- Goundam
- Coordinates: 16°25′0″N 3°40′0″W﻿ / ﻿16.41667°N 3.66667°W
- Country: Mali
- Region: Tombouctou Region
- Cercle: Goundam Cercle
- Commune: Goundam

Area
- • Total: 101 km^{2} (39 sq mi)
- Elevation: 349 m (1,148 ft)
- Highest elevation: 460 m (1,510 ft)
- Lowest elevation: 260 m (850 ft)

Population (2009 Census)
- • Total: 16,253
- • Density: 160/km^{2} (420/sq mi)

= Goundam =

Goundam is a commune and town in north central Mali, in the Tombouctou Region. It is the capital of Goundam Cercle, one of five subdivisions of the Region. In the 2009 census the commune had a population of 16,253. The main ethnic groups are Songhay, Tuareg and Fulani.

==Situation==
The town is located on the Tassakan channel which runs west along the southern edge of the town center, draining from the Niger River (between October and January when it is in flood) towards the nearby Lac Télé which is approximately 4 metres below the level of the Niger. The Niger river town of Diré lies 35 km to the southeast, while Timbuktu is connected by highway 97 km to the east-northeast. Lac Fatil and Lac Oro lie to the southwest, near the Goundam Airport. Further north lies Lake Faguibine and to the south and west is the vast Niger inland delta, seasonal marshlands which feed the local lakes and rivers along this edge of the Sahara desert.

==History and culture==
The town has a long history as a center for Songhay farmers and Bozo fishing communities, as well as settled elements of the semi-nomadic Fula, Tuareg and Maure peoples. Goundam was a city of the Songhai Empire, fell to the Moroccan invasion in 1591, and was later seized by Tuareg confederations from the northeast and the Fula of the delta region. Most powerful of these Fula states was the Macina Empire, centered to the southwest. The Toucouleur Empire conquered the area in the mid 19th century, and the French captured the town in 1894.

===French conquest===
Goundam was the site of a major reverse in the French drive to Timbuktu, known at the time as the "Goundam Massacre". In December 1893 French lieutenant colonel Eugène Bonnier took a small company of troops downriver from the French outpost at Segou to conquer Timbuktu on his own initiative. His advance guard, an even smaller force of two gunboats commanded by Lieutenant H. Gaston Boiteaux, went ahead, but contrary to their orders advanced to Timbuktu themselves, beating out Bonnier. Bonnier pursued him, finding Boiteaux had taken the fabled city prior to the Lt. Col's arrival on 10 January 1894. That day, after arresting his subordinate, Bonnier marched out towards Goundam with a small number African troops.
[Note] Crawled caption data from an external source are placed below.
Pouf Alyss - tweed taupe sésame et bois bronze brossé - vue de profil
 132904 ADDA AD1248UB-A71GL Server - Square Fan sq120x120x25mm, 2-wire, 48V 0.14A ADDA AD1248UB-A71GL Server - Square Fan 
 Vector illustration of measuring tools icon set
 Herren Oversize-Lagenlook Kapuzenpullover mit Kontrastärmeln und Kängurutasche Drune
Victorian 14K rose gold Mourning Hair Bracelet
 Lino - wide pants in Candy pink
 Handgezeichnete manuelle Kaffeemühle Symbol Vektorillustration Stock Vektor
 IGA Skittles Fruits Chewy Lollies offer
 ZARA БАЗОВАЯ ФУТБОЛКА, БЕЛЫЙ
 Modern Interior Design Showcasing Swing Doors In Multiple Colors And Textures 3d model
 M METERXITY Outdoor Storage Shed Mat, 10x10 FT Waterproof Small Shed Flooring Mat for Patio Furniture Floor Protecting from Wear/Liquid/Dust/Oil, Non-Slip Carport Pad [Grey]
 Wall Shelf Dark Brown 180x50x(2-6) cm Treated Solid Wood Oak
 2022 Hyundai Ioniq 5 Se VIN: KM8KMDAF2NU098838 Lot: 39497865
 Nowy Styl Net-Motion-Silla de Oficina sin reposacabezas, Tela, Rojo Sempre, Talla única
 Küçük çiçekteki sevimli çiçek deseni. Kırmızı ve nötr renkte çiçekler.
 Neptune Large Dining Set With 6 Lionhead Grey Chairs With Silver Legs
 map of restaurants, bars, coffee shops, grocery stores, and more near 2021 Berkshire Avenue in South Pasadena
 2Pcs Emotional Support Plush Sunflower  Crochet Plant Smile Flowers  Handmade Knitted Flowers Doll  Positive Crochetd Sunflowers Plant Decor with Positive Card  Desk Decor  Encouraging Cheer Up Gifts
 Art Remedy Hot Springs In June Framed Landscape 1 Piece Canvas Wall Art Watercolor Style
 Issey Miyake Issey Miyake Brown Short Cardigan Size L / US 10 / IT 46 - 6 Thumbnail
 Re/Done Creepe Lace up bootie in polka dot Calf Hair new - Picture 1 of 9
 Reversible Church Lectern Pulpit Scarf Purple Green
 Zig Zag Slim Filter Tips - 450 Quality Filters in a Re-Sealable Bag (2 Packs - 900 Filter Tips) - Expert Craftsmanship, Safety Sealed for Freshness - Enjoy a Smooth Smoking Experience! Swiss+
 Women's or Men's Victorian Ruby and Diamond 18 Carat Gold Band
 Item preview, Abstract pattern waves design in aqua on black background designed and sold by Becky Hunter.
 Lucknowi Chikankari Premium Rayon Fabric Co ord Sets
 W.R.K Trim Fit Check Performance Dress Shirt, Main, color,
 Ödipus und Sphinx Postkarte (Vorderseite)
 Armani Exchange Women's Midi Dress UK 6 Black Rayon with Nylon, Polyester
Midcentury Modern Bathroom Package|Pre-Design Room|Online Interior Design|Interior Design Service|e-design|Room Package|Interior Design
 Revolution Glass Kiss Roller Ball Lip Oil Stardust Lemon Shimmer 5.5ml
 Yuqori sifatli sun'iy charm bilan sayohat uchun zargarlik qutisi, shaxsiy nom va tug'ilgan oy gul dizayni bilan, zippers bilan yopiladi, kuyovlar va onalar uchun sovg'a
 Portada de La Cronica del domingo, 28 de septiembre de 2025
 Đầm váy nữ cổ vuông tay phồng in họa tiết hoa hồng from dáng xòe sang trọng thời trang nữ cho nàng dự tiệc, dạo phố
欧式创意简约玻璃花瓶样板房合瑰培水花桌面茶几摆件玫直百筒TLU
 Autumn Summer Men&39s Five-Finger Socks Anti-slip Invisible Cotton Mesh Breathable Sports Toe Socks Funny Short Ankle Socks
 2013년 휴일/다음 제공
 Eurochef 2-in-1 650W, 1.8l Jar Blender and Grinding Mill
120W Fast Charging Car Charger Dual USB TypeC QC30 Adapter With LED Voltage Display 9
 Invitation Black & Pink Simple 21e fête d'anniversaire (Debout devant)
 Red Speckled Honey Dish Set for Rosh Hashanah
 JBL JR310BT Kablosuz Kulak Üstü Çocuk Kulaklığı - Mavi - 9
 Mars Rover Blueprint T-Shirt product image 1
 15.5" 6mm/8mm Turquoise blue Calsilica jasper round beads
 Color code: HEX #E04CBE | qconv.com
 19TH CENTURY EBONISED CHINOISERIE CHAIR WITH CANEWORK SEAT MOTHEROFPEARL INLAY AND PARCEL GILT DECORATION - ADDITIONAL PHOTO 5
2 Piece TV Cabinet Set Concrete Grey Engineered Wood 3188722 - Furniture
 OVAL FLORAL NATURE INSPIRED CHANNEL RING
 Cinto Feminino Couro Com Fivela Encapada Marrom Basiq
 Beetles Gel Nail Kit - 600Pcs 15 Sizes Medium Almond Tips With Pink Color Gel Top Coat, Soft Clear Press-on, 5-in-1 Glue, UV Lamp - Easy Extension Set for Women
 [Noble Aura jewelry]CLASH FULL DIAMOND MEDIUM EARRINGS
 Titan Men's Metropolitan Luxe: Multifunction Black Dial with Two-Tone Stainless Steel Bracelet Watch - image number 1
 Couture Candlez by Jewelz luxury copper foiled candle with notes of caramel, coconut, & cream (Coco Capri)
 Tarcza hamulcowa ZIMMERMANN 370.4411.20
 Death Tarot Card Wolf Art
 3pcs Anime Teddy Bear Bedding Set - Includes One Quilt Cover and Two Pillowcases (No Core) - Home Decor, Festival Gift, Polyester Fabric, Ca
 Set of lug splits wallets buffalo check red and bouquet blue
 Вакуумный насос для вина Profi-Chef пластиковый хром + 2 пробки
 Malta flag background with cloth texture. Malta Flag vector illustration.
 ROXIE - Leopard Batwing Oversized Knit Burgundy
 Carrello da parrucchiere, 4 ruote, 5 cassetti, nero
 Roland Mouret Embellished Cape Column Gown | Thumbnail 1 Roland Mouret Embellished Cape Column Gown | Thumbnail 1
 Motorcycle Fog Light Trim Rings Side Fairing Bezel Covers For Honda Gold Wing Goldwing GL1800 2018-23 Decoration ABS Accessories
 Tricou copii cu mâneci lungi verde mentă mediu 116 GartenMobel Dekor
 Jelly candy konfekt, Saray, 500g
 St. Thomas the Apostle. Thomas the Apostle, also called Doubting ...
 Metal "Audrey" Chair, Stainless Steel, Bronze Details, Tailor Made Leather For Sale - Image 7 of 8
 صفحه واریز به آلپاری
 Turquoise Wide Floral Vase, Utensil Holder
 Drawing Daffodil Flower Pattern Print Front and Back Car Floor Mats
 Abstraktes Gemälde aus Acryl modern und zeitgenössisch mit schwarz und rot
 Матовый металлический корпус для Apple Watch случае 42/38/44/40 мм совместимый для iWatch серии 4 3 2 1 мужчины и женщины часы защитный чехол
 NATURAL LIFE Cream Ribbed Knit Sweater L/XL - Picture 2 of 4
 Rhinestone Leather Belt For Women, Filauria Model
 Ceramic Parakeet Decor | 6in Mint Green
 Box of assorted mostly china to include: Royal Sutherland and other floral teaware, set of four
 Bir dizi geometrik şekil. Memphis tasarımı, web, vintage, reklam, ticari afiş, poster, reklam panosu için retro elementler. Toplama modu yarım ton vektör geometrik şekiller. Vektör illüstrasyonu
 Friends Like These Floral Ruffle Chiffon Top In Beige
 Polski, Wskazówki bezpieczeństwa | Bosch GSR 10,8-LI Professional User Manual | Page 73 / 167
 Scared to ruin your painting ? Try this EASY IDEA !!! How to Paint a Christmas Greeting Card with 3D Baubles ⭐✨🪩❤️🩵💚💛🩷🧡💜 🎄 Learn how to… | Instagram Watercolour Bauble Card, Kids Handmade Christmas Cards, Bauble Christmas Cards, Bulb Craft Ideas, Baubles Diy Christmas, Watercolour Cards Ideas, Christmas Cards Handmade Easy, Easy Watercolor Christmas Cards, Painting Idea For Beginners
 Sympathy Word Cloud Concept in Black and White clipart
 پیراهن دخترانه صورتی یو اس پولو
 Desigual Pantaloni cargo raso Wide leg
They took the town 14 January, but on the way they had seized 500 sheep at a Tuareg encampment, and fought Tuareg raiders at nearby Tacoubao. In the early hours of 15 January, Tuareg warriors attacked Bonnier's camp, killing him, 11 officers, two French NCOs, 68 African Tirailleurs, and their interpreter. A rescue column, commanded by the future Marshal of France Joseph Jacques Joffre, recaptured Goundam on 8 February and Timbuktu four days later.

===Refugee center===
In the period following the Sahel droughts of the 1970s, and again following the 1990s Tuareg Rebellion, Goundam became a major relocation center for Tuareg and other refugees from the north of Mali. Many still remain around Goundam town.

==Attractions==
Among the landmarks in Goundam is the historic mud brick Goundam-Tokossel Mosque.

==Agriculture==
The seasonal wetlands near Goundam are, due to desertification and a low annual rainfall of 150-200mm, one of the few opportunities local farmers have for food cultivation. The staple here is mostly rice. With highly variable year-to-year rain, the Goundam area has often an unpredictable extents of fertile lands around seasonally flooded river branches, ponds and lakes.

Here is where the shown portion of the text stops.